Pour restituer ces deux domaines perdu et disparu ; pour recueillir l’écho qui en témoigne, il fallait disposer d’une attention, d’une écoute, d’une sensibilité : celles du narrateur-enquêteur-réalisateur qui sait prendre le temps de laisser les choses advenir pour que jaillisse l’inattendu. Comme dans cette longue séquence centrale où à la recherche du témoignage d’une femme née à Tinghir et installée en Israël, Kamal fait advenir la parole d’une voisine d’origine marocaine, qui, dans un premier temps méfiante devant cet inconnu qui frappe à sa porte, hésite à lui ouvrir. Cette voisine durant les deux cents mètres qui séparent son domicile de celui de sa voisine va exprimer un des plus beaux témoignages sur le rapport à la terre : celle-ci n’appartient à personne ou plutôt à tous ceux qui y vivent.
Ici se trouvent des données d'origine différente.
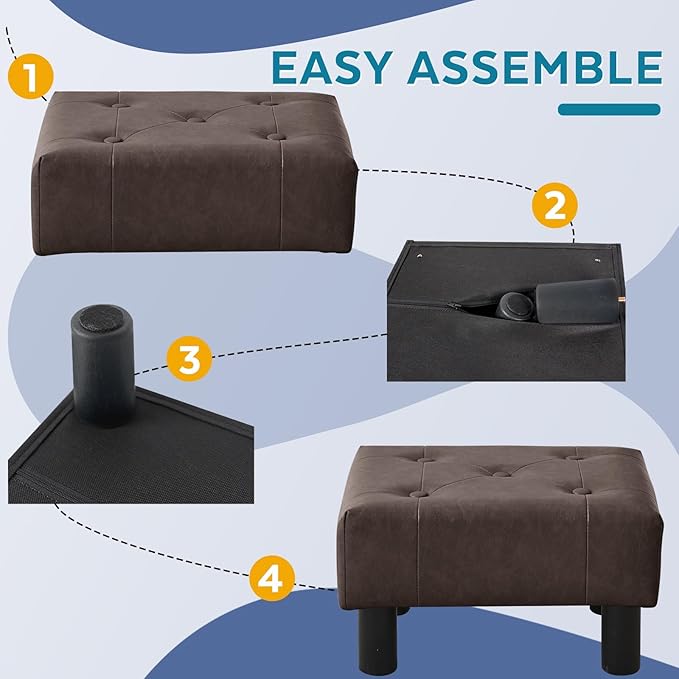 FIMIVIBI Small Foot Stool Ottoman, Faux Leather Footstool Ottoman Foot Rest for Couch, Rectangle Footstools and Ottomans Small for Living Room, Entryway and Bedroom (Brown)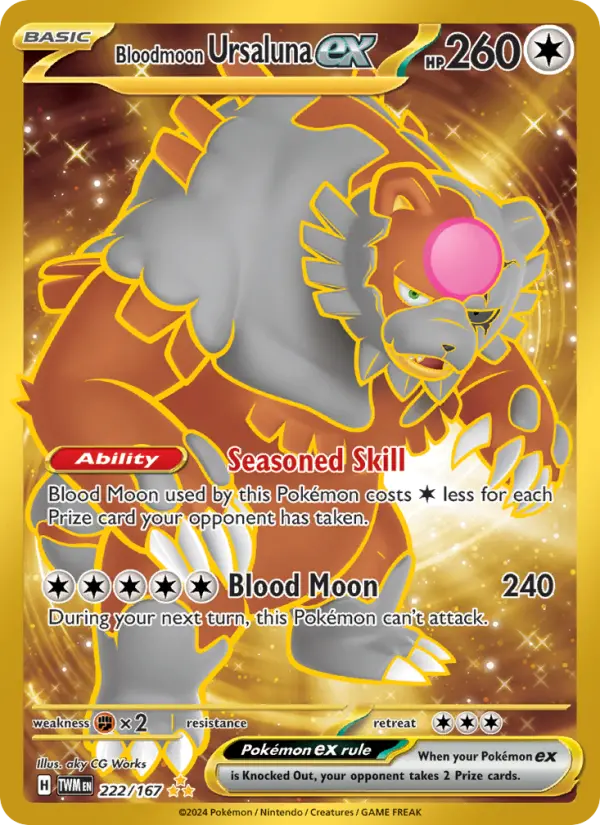 Bloodmoon Ursaluna ex 222 Twilight Masquerade (SV6) Pokemon Card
Cette (en)quête joue avec les deux grandes figures du récit : le déplacement et la condensation. Le déplacement, par exemple, effectué par une chanson de Shlomo Bar, ce grand chanteur israélien, né à Tinghir, dont une chanson est chantée devant la caméra par un jeune lycéen, filmé avec ses camarades à la sortie du collège de Tinghir, chanson qu’il a apprise au contact de juifs de Tinghir revenus au village natal pour montrer à leurs enfants d’où ils viennent. La présence et la voix de Shlomo apparaissent, en résonance, à la fin du film dans une interview, chez lui en Israël, où il chante cette superbe chanson sur la vallée de la Todra qui accueille et protège la ville de Tinghir. Le trait d’union est ici encore ce qui court et demeure dans la mémoire.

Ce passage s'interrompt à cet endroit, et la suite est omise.